The next thing that jumps out at me is that the system is truly asynchronous. I had to move away from the idea that I present an object to the server for processing, and wait for some kind of result back (e.g. a database ID). Instead, the client does all of these id generations in advance and simply issues commands to the server to keep server state in sync. (Side note – look into ULIDs instead of GUIDs for universal IDs). This has its own challenges that must be understood. For example, the queryable database is now the “query” (“read”) side. However, there is latency between when an event enters the store, and when the read side is updated. This only matters if we insist on re-reading the object from the database to get something back. Universal id generation is important here, and the relationship between client and server is flipped on its head. The client holds the master state, and issues commands to the server to persist it.

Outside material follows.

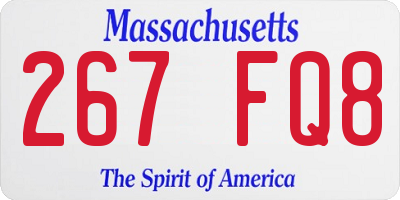 MA license plate 267FQ8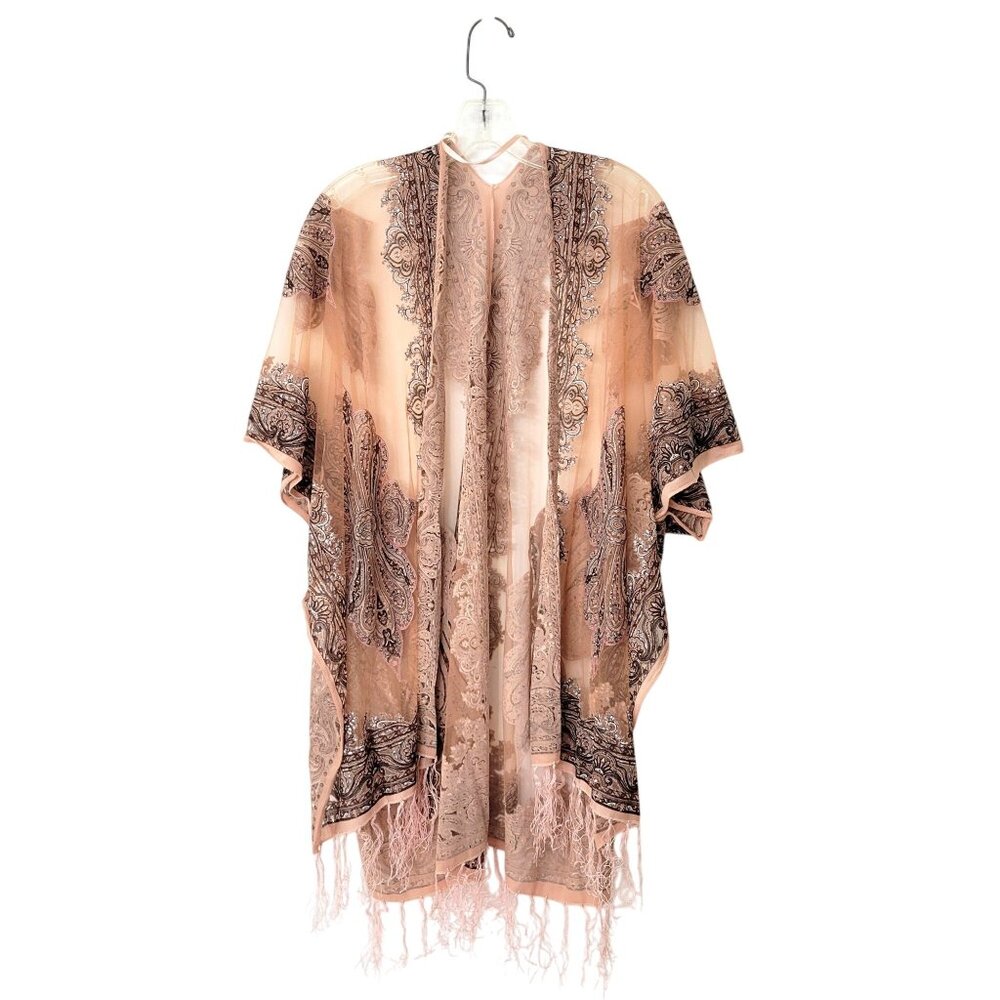 Pretty Persuasions Sheer Paisley Kimono Cardigan With Fringe Hem New with Tag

Eventual consistency is a new challenge to developers. We should not avoid systems that are not immediately consistent, however. We simply need to learn how to build them such that we can truly fire and forget our commands, and be notified only if something goes wrong. The performance potential here is enormous: how much database effort is spent on joins and indexes to split object data into multiple tables, when we could simply store the data the way it is actually used? While some data (accounting, e.g.) seems to be better suited to tabular data, other data never needs to be anything but an object, and it is easiest to store it as such as a JSON document in a document database.

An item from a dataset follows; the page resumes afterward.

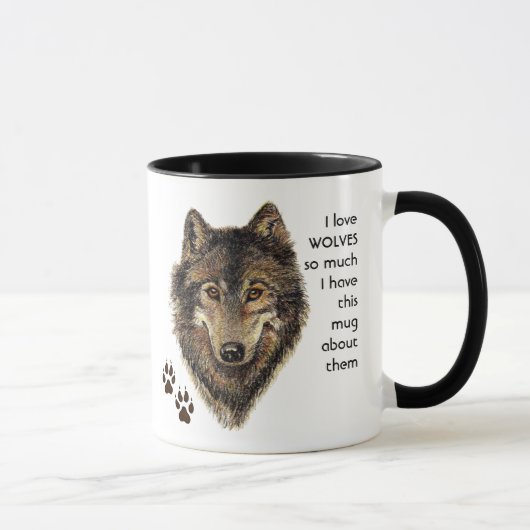 Love WOLVES tellement je me moque Citer Mug (Droite)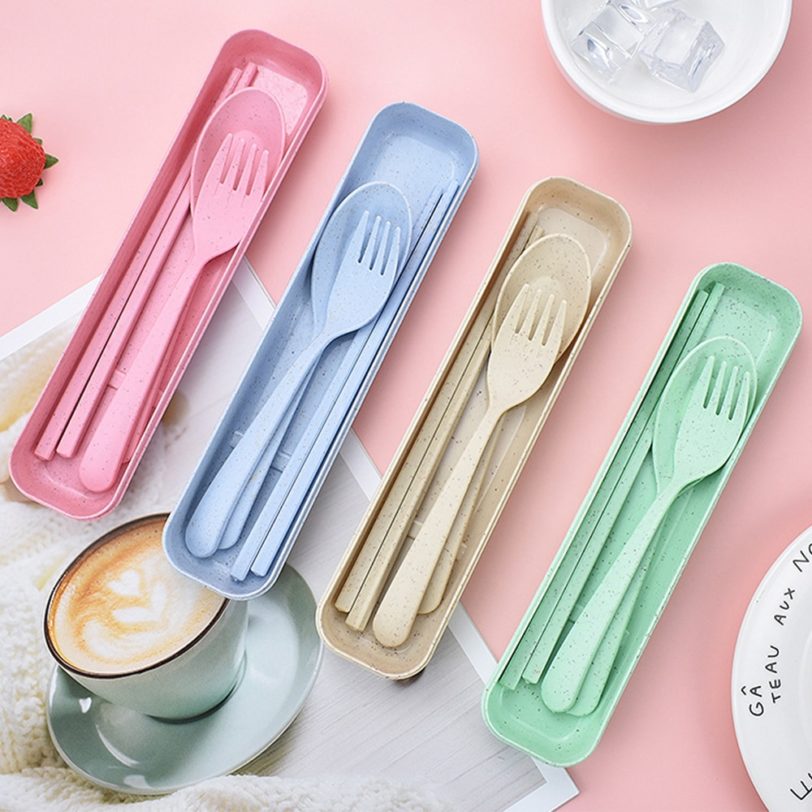 Environmental Portable Reusable Spoon Fork Travel Picnic Chopsticks Wheat Straw Tableware Cutlery Set With Carrying Box - Image 6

The biggest challenge that I face right now is the migration of the legacy system. It is simply too big to flip the switch on day 1. It needs to incrementally migrate to a new system, which means that the existing version must be able to write to the event store, and the new version must project back to the original database in addition to the document database. Of course, this is a lot of work that will be immediately obsolete, but we see this technique in bridge maintenance as well. If we wish to upgrade a bridge while allowing people to continue to cross the river, we need to build a temporary bridge first before closing the bridge for upgrades.
I don’t know what my performance expectations are at this point. Intuitively, it feels like a better design than using a relational database for absolutely everything. I know I no longer have to write error-prone mapping code to shove the data into an ORM. The more I work with document databases, the more I feel that relational databases are not appropriate persistence for object-based data. An interesting thought is that the databases will do less work. Writing to event streams is not compute-intensive work, nor is reading a selection of documents from a document database. The costs are already lower for the two databases, but I haven’t seen the resource requirements yet. The cost is simply the latency between write and read sides, which is handled by building the system asynchronously and making the application client-centric rather than server-centric. The projection, of course, is handled by the application server, so the latency can be managed to an extent by increasing the resources available to the application server.
Those are my initial thoughts about an Event Sourced system. With any luck, I’ll have a chance to design one soon as our company updates their applications to be cloud-native. I hope to see some tangible results this year.